Manchester Country Club has a Unique History


In the 1960's, increased demand for golf posed a problem for the Manchester area’s innkeepers and residents. The only course that could be played on a daily fee basis was the Equinox Links, which the hotel management would close to public play whenever they booked a large convention. At the same time, individuals acquiring either retirement or vacation homes encountered full memberships at the private clubs.

In the mid 1960's, the owners of several area lodging properties began to consider whether a new golf facility might be developed, one at which they could assure access for their vacationing guests as well as membership for local residents. Invitations for a series of planning meetings were extended to all that were interested in golf to see if the combination of play by lodge guests and by local residents would make a third course in Manchester feasible.

Two early developments were crucial in what proved to be the successful launching of the Manchester Country Club. The planning committee established close ties with the National Golf Foundation (NGF), an organization whose primary goal is to assist in the sound development of new golf facilities. The NGF referred the group to Geoffrey Cornish of Amherst, Massachusetts, a golf course architect of long excellent reputation who at that time was also serving as President of the American Society of Golf Course Architects.

At about this time, an option became available on 165 acres of the former “Senecal Farm”, the present site of Manchester Country Club, which Cornish viewed as very suitable for a first class 18 hole golf course.

The front nine was opened for play on May 29, 1970 with a member cookout and an inaugural first shot by Robert Brewster. Meanwhile work continued on the back nine with play on the full 18 holes commencing on July 3, 1970. Throughout the effort to launch the Manchester Country Club there was heartening cooperation and assistance from both the membership and the community at large.

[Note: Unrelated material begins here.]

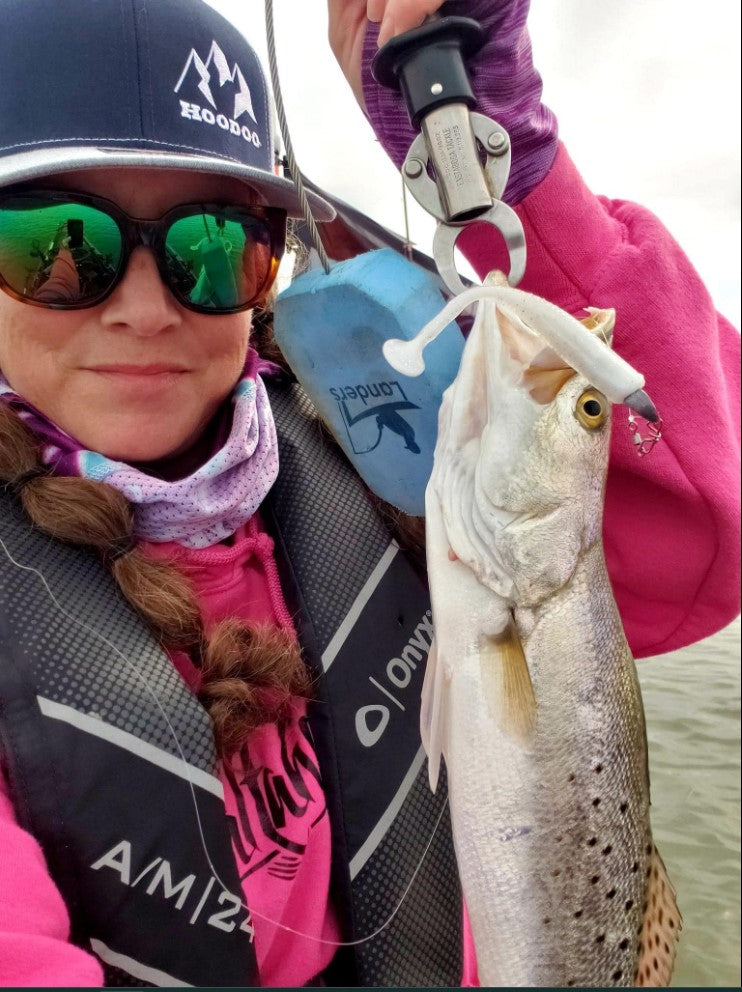 4" Bone Ice With Built-In Tail Rattle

By the early 1980's, the club was flourishing with a membership mix of full time residents, summer residents and second homeowners. The members’ needs had outgrown the original modest clubhouse, and a major expansion of the kitchen, dining facilities, locker rooms and golf shop was approved by the members.

In 1999, Manchester Country Club had agronomic evaluations of the golf course conducted by the U.S.G.A. and golf course architects Steve Durkee and Geoffrey Cornish. The committee presented its recommendations to the Board and the membership in the summer of 2000 and the members approved a full renovation of the back nine. Off-course work began in mid-summer 2001, with the back nine closing and reconstruction beginning immediately after Labor Day. Years earlier, the Club had purchased an adjoining 34-acre parcel that allowed for the lengthening and relocation of certain holes. Greens, tees and fairways were rebuilt, new irrigation was installed and a minimum of 4 inches of topsoil was spread throughout all back nine holes.

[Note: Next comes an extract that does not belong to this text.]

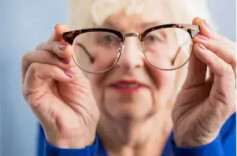 戴老花镜后，度数会越来越高？这些误区小心中招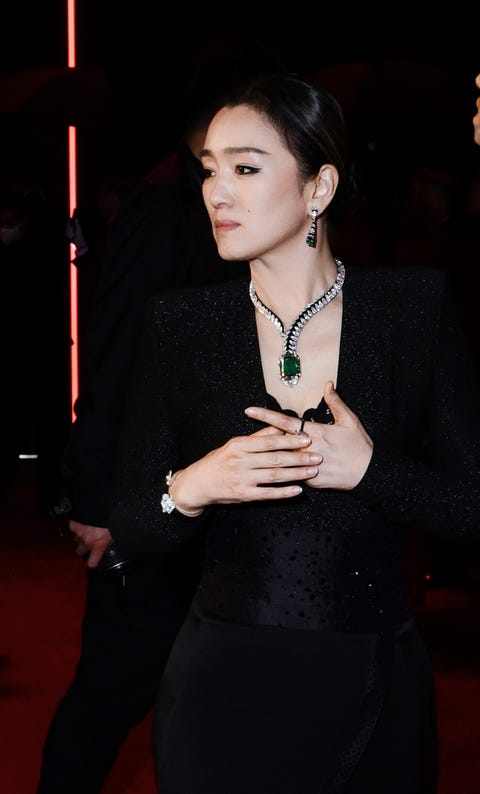 卡地亚全球高级珠宝大使巩俐出席全新sixiÈme sens par cartier高级珠宝展晚宴,
佩戴卡地亚surnaturel高级珠宝系列项链、卡地亚高级珠宝系列耳环及
卡地亚la panthÈre猎豹造型珠宝腕表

The renovated back nine was opened in July of 2003, and has quickly been recognized as one of the finest in Northeast. The course is a fine test of golf and as a result, the Club proudly hosts some of the top events in the New England.  MCC has hosted the Men's and Women's Mid, Senior, and State Amateur Championships in recent years. Annually MCC hosts the Vermont 4-Ball Championship as well as a state Pro-Am. The Club is also home to the highly regarded men's Battle on the Battenkill and women's Sarah Hunter Invitational. MCC is excited to host the prestegious Men's Tri-State Championship in 2015. It will feature the top amateurs of Vermont, New Hampshire and Maine. 

MCC continues to thrive as a popular club for the locals, second home owners, and visitors from our inn partners. The Club offers a casual but premium expeience where golf, tennis, fine food, and most importantly camaraderie is shared by Manchester Country Club members and their guests.